Information supplied —

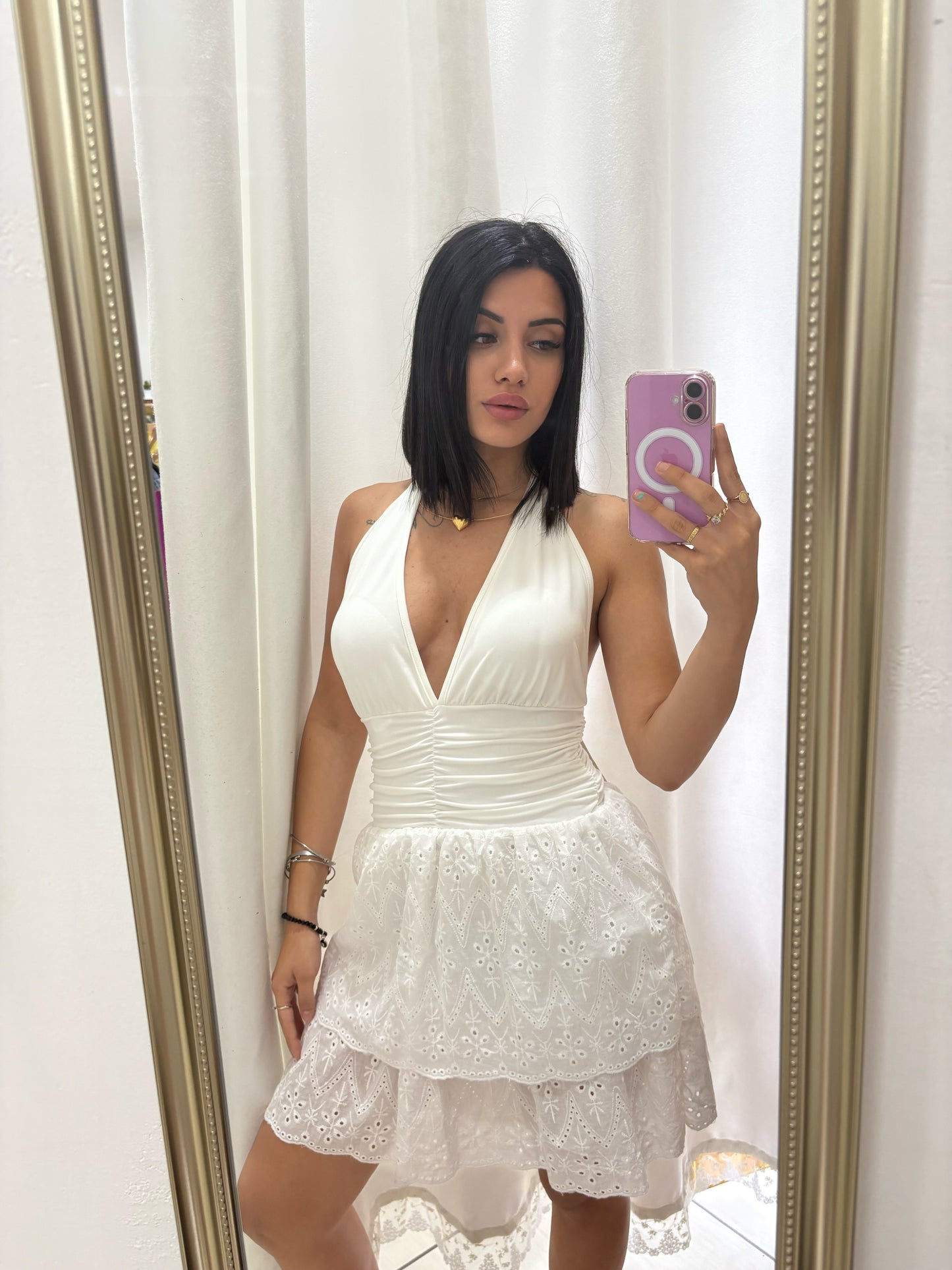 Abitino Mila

* * *

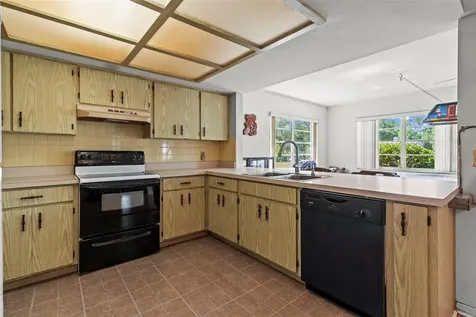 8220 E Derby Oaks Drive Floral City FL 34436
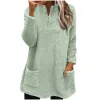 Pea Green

--

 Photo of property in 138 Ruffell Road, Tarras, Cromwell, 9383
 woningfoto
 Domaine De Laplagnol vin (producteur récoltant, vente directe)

Action item —
Repeat the entries above verbatim, but only from the line that has "Photo of property" down to the line that has "Domaine De Laplagnol", inclusive.

Response to the task —
 Photo of property in 138 Ruffell Road, Tarras, Cromwell, 9383
 woningfoto
 Domaine De Laplagnol vin (producteur récoltant, vente directe)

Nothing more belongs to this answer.